Na mesma senda de aproveitamento de receitas da madeira, Fabião Agostinho escreveu no seu mural de Facebook:
Mas o senhor tem consciência do que diz..? Porque iremos optar nesta alternativa se o nosso país produz muita madeira capaz de suprir as difíceis de Cadeiras nas Salas de Aula..? Porque iremos imitar sistemas de países com défices de Madeira se nós temos estes recursos em abundante. Se levassem o Dinheiro da Compra dos Mercedes-Benz e edificassem mais Salas de Aulas, não iriam minimizar esta crise..?

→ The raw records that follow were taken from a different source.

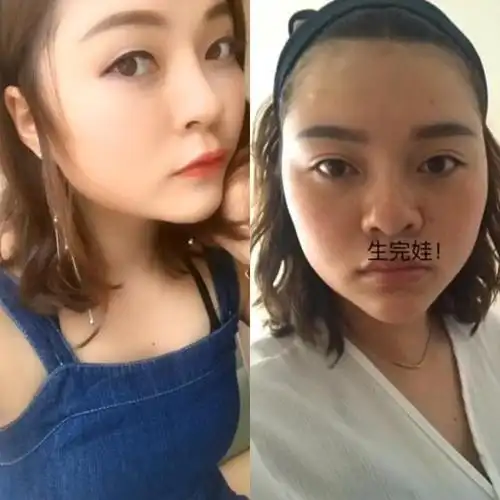 这几组女人生孩子前后对比照,反差太大,连亲妈都不一定认得出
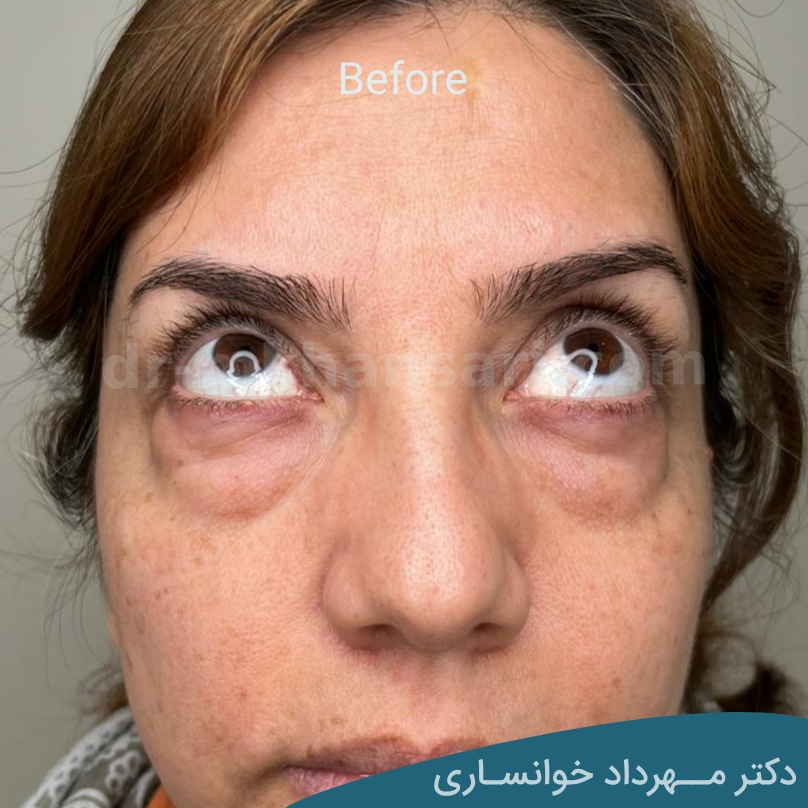 جراحی پلک - dr-mkhansari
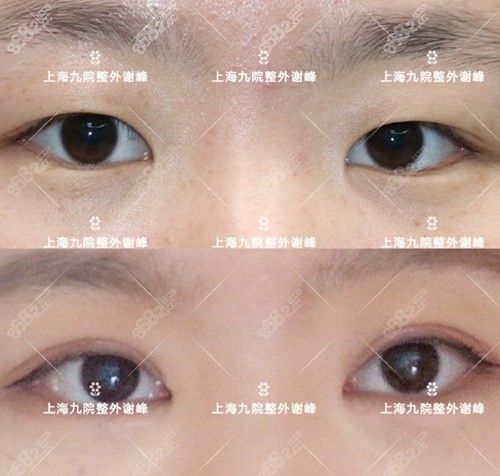 上海九院谢峰双眼皮手术术前术后对比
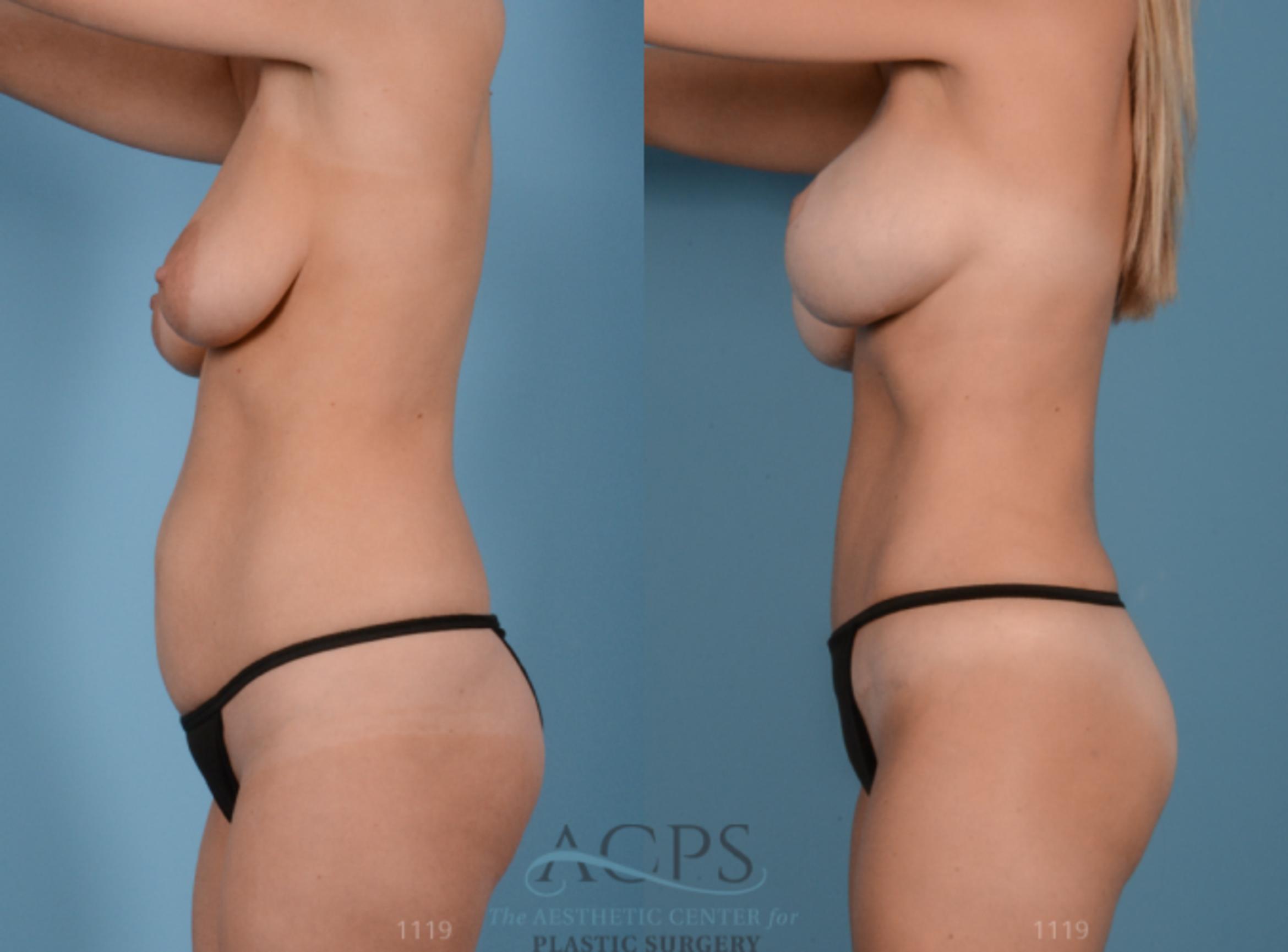 Before & After Mommy Makeover Case 512 Side View: View in Houston, TX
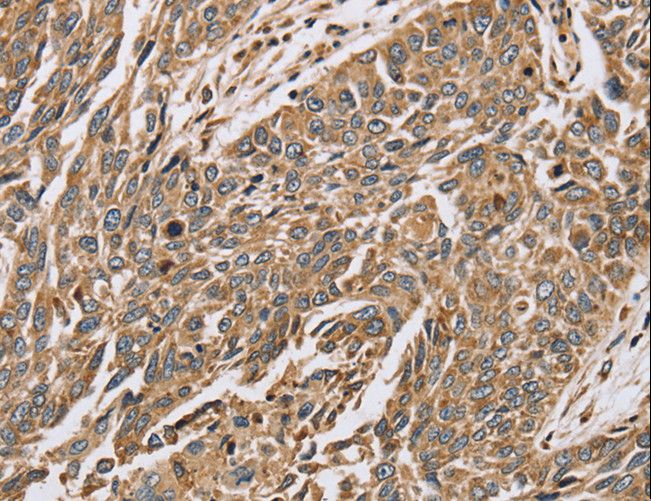 PTGER2 / EP2 Antibody - Immunohistochemistry of paraffin-embedded Human lung cancer using PTGER2 Polyclonal Antibody at dilution of 1:45.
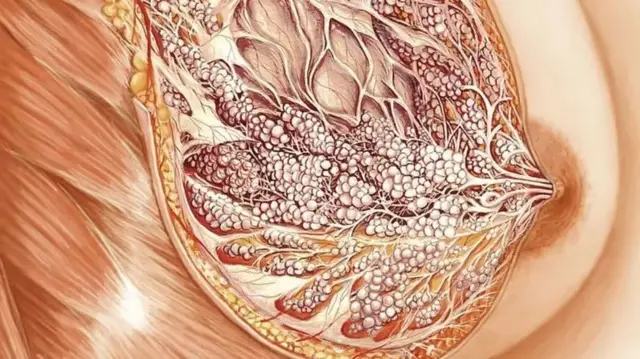 Eserese gosiri ime ara nwaanyị ebe mmiri ara na-akpụkọ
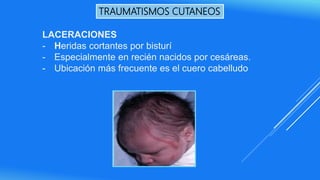 LACERACIONES
- Heridas cortantes por bisturí
- Especialmente en recién nacidos por cesáreas.
- Ubicación más frecuente es el cuero cabelludo
TRAUMATISMOS CUTANEOS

Embora constituam minoria, houve também internautas que receberam positivamente a sugestão do ministro. Por exemplo, Luís Mazoio apoiou a ideia suportando-se no drama que recentemente presenciou numa das escolas da capital moçambicana:
Sr Ministro Mesquita autorize por favor que aqueles autocarros sejam imediatamente distribuídos pelas escolas necessitadas. Passei ontem por volta das 6.30 da manha por uma escola na aldeia Samora Machel no distrito de Marracuene, bem a beira da estrada nacional. Ainda havia nevoeiro pelo que não deu para tirar fotografia. O professor coitado circulava pelo pátio com os meninos procurando por um lugar que já tivesse raios solares para sentar e ensinar aqueles meninos tossindo e congelando de frio. Era de partir o coração. Mande Já as carcaças Sr. Ministro. E hoje são 23 graus de temperatura máxima.
Muzila Nhatsave também foi outro internauta que viu a ideia com bons olhos escreveu:
Boa ideia acho (…) quantas crianças aqui mesmo em Maputo sentam no chão e com este frio. Só quem nunca sentou debaixo de uma árvore para aprender o ABC pode achar estúpida essa ideia. Aqui na Matola há escolas sem salas de aulas suficientes e bem próximas a empresa a menos de 2 km. Quem nunca viu autocarro a ser transformado em restaurante , take away.?
Bitone Viage fez um pedido irónico para que carros ligeiros avariados sejam transformados em salas para Jardins de Infância:
Parabéns meu Ministro, peço também para avisar aos ministérios disponibilizarem aquelas sucatas de carros ligeiros para serem transformados em creches.